意味がわからない自殺願望に争っていられる理由的なモノ

 という題名だが、俺なんかに人を導くような事が出来る筈がない。

 ハウツー、というより、独り言というか“彼のケース”という風な感じで見てもらうことを推奨する。


 さて。

 俺は度々自殺願望を抱く傾向がある。

 理由は様々。いじめられた、進路活動が辛い、後輩がウザいなど。どれもこれも普通の人なら普通に耐えている程度のことである。
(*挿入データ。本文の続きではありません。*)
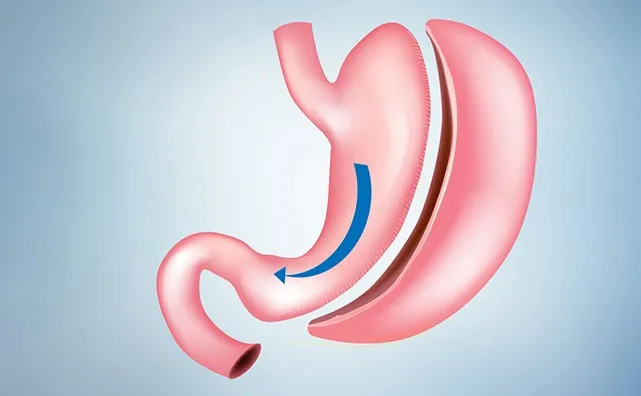 Can you sleep after gastric sleeve surgery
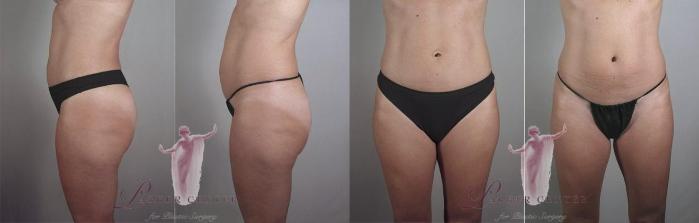 Tummy Tuck Case 1107 Before & After Front | Paramus, New Jersey | Parker Center for Plastic Surgery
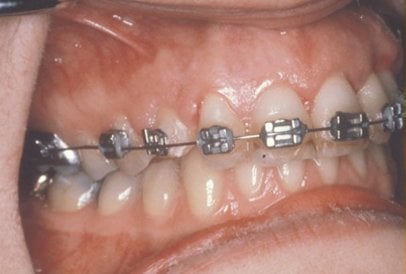 Impacted Tooth6 Full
 これこそ本当のザコメンタル、というもの。人より弱い人間なんて必要ないだろう。

 またそういう時にも無意識の内に「死にたい」と口にしていたりする。

 そんな時、いつも思う事がある。

「自分にはまだ書きかけの小説がある」

 それこそが死なない理由だ。

 小説、漫画など、創作というものは、ほとんどの場合、作者にしか作れない物語を作る、という事である。
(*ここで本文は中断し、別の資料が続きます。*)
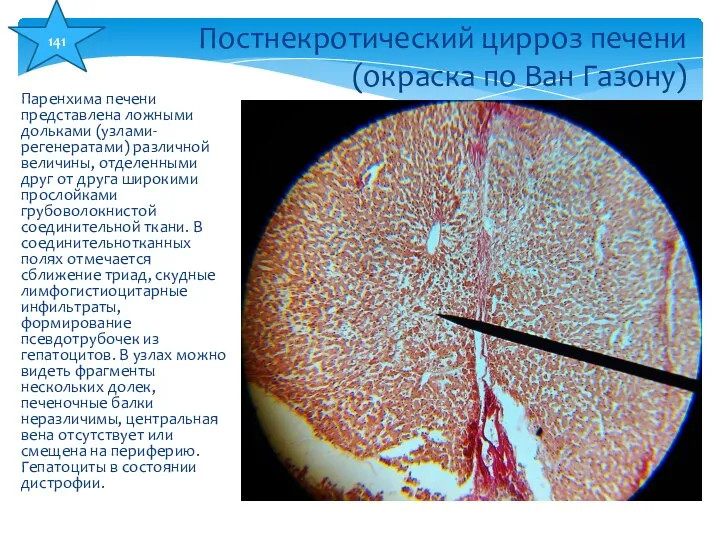 Паренхима печени представлена ложными дольками (узлами-регенератами) различной величины, отделенными друг от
 つまり、いま書きかけの物語は自分しか続きがわからないということ。

 それがまだ世に出していないものであったならば、誰にも期待されずに終わってもよかったかもしれない。

 だが、それはもうネットの海に解き放ってしまった。一年程連載を続け、一定数の評価もつき始めている。

 それはすなわち、“続きを待ち望む人がいる”可能性があるということだ。

 その物語が未完結のまま中途半端に終わってしまう、ということは、“続きを待ち望む人”の期待に応えられない、ということ。
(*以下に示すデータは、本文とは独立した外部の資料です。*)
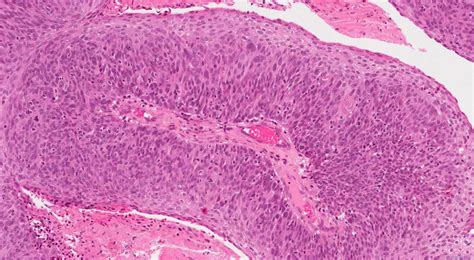 HPV-associated squamous cell carcinoma of the oropharynx | Atlas of ...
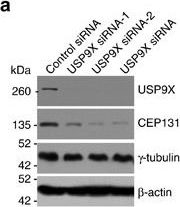 Fig.3.A showing Western Blotting in a Homo sapiens (Human) sample from the publication: USP9X regulates centrosome duplication and promotes breast carcinogenesis.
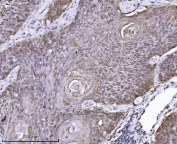 IHC staining of FFPE human squamous cell lung carcinoma tissue with ERLIN2 antibody. HIER: boil tissue sections in pH8 EDTA for 20 min and allow to cool before testing.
 ネット小説ではよくあることではあるのだが、それでも、続きそうで続かない物語というのは人を不快にさせるものなのだ。

 そういうことはなるべく避けたい、そして死んだら小説を書くことはできないということから、すなわちまだ死ぬことはできないという結論に達するのだ。

 正直、この小説趣味がなければ、もうすでに俺はこの世から消え去っていただろう。

 勿論、そのほかに「家族が悲しむから」や「苦しみたくないから」といった理由もあることにはあるのだが、一番強いのがそれである、ということである。

 もう失うものは何も無い……と言ったら嘘になってしまうが、たとえ俺が死んでしまったとしても、悲しむ人間は少ないだろう。いないわけでは無いだろうが。むしろ、喜ぶ人もいるかもしれない。

 だが、小説の続きをもう書けなくなる。長く書き続けた物語を未完のまま放置することになる。それは、許されない。いや、自分が許したくない。

 生き甲斐というのは、そういうものなのだろう。

 それを糧に、俺は今日も闇の中を彷徨い生きるのだ。


 なお、だからと言って、作家になってもそれで食っていくなんてほぼ不可能だからまともな職業につこうとしている。

 現実とはいつも残酷なものなのだ。